ROCm / ROCm-docker

Dockerfiles for the various software layers defined in the ROCm software platform
MIT License
432 stars 65 forks source link

[Issue]: pytorch unit tests never finish #124

Open baryluk opened 8 months ago

baryluk commented 8 months ago

Problem Description

root@002d42c15b02:/var/lib/jenkins# python3 -c 'import torch; print(torch.cuda.is_available())'
True
root@002d42c15b02:/var/lib/jenkins# 
root@002d42c15b02:/var/lib/jenkins/pytorch# PYTORCH_TEST_WITH_ROCM=1 python3 test/run_test.py --verbose \
> --include test_nn test_torch test_cuda test_ops \
> test_unary_ufuncs test_binary_ufuncs test_autograd
/var/lib/jenkins/pytorch/test/run_test.py:18: DeprecationWarning: pkg_resources is deprecated as an API. See https://setuptools.pypa.io/en/latest/pkg_resources.html
  import pkg_resources
Ignoring disabled issues:  ['']
Downloading https://ossci-metrics.s3.amazonaws.com/slow-tests.json to /var/lib/jenkins/pytorch/test/.pytorch-slow-tests.json
Downloading https://ossci-metrics.s3.amazonaws.com/disabled-tests-condensed.json to /var/lib/jenkins/pytorch/test/.pytorch-disabled-tests.json
Received 7 tests to prioritize
  test_nn
  test_torch
  test_cuda
  test_ops
  test_unary_ufuncs
  test_binary_ufuncs
  test_autograd
/var/lib/jenkins/pytorch/tools/testing/target_determination/heuristics/previously_failed_in_pr.py:34: UserWarning: No pytorch cache found at /var/lib/jenkins/pytorch/.pytest_cache/v/cache/lastfailed
  warn(
Heuristic PreviouslyFailedInPR identified 0 tests to prioritize (0.00%%)
Heuristic EditedByPR identified 3 tests to prioritize (42.86%%)
High Relevance tests (3):
  test_nn
  test_ops
  test_torch
Unranked Relevance tests (4):
  test_autograd
  test_binary_ufuncs
  test_cuda
  test_unary_ufuncs
Heuristic CorrelatedWithHistoricalFailures identified 7 tests to prioritize (100.00%%)
Probable Relevance tests (7):
  test_binary_ufuncs
  test_autograd
  test_unary_ufuncs
  test_cuda
  test_nn
  test_torch
  test_ops
High Relevance tests (3):
  test_nn
  test_ops
  test_torch
Probable Relevance tests (4):
  test_binary_ufuncs
  test_autograd
  test_unary_ufuncs
  test_cuda
::warning:: Gathered no stats from artifacts for build env pytorch-linux-focal-rocm6.0-py3.9 build env and None test config.
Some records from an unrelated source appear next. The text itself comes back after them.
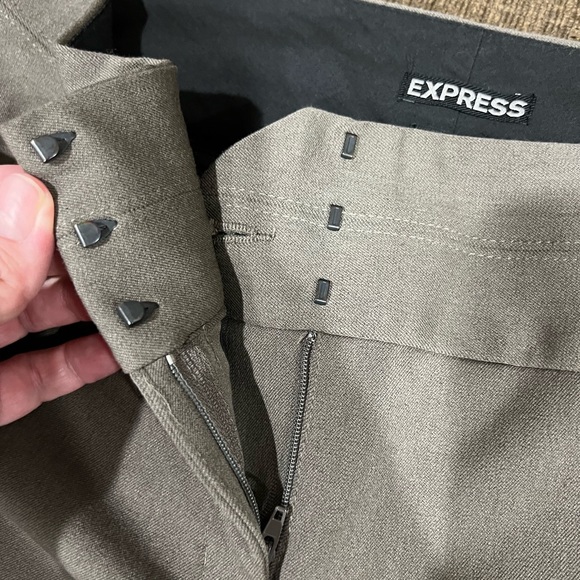 Sold - Picture 9 of 13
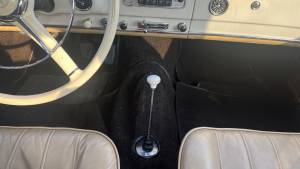 Image 8/11 of Mercedes-Benz 190 SL (1958)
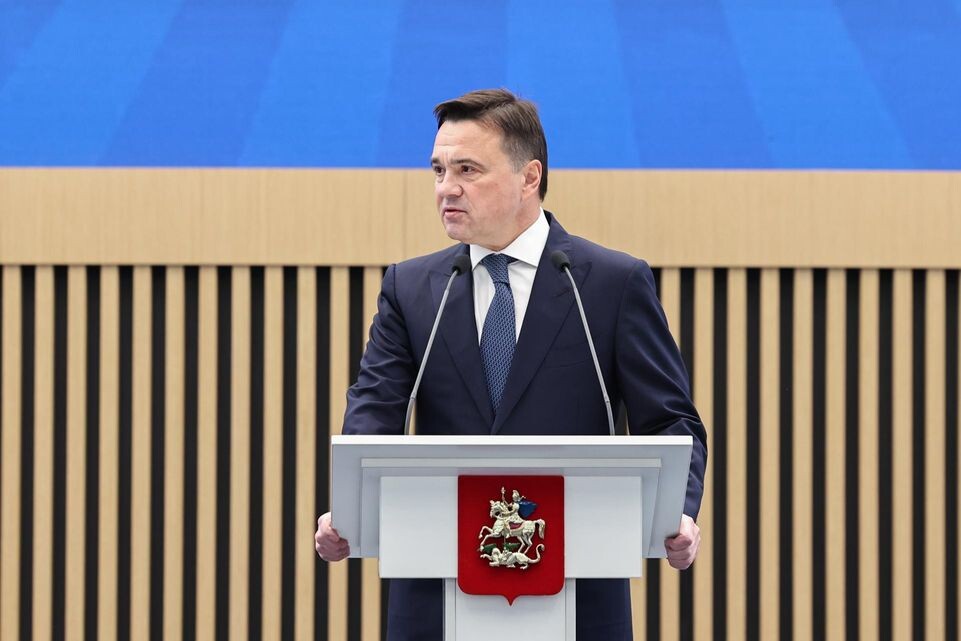     Екатерина Агеева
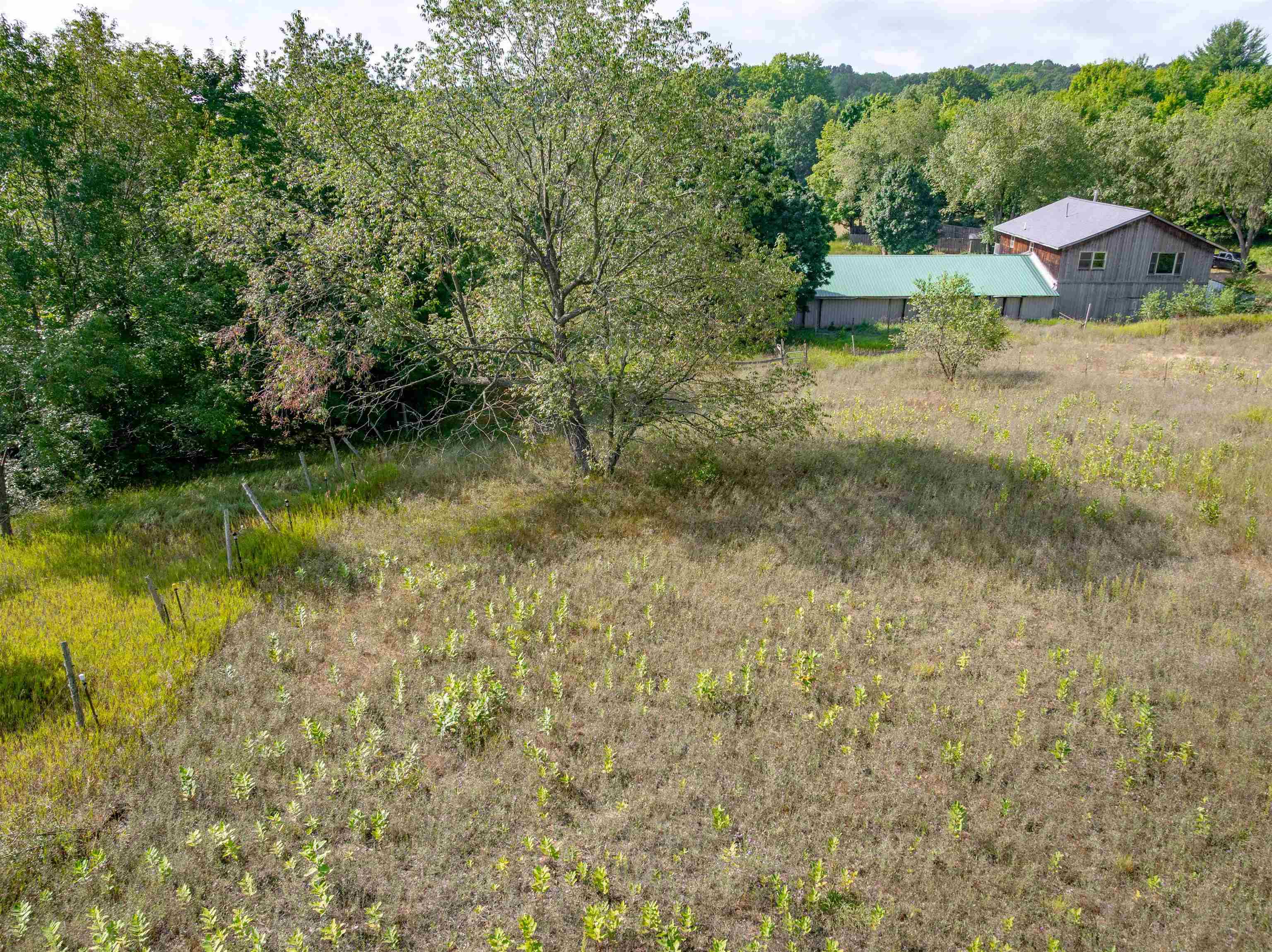 9651 N Reynolds Road Property Photo 86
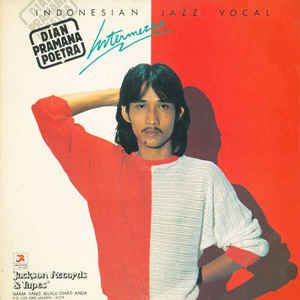 Keraguan-cover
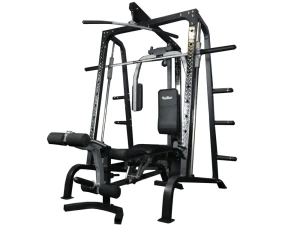 Giàn tạ đa năng Tiger Sport TGH-998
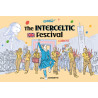 THE INTERCELTIC FESTIVAL LORIENT (ENG)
Using default build env and default test config instead.
Name: high_relevance
  Parallel tests:
    test_ops 1/6
    test_ops 2/6
    test_ops 3/6
    test_ops 4/6
    test_ops 5/6
    test_ops 6/6
  Serial tests:
    test_nn 1/1
    test_torch 1/1
Name: probable_relevance
  Parallel tests:
    test_binary_ufuncs 1/1
    test_unary_ufuncs 1/1
  Serial tests:
    test_autograd 1/1
    test_cuda 1/1
Name: unranked_relevance
  Parallel tests:
  Serial tests:
Starting test batch 'high_relevance' 7.152557373046875e-07 seconds after initiating testing
With sharding, this batch will run 8 tests
Ignoring disabled issues:  ['']
Running test_ops 1/6 ... [2024-03-09 07:03:08.588933]
Executing ['/opt/conda/envs/py_3.9/bin/python3', '-bb', 'test_ops.py', '--shard-id=0', '--num-shards=6', '-v', '-vv', '-rfEX', '-p', 'no:xdist', '--use-pytest', '-x', '--reruns=2', '--import-slow-tests', '--import-disabled-tests'] ... [2024-03-09 07:03:08.589313]

ROCm Version

ROCm 6.0.0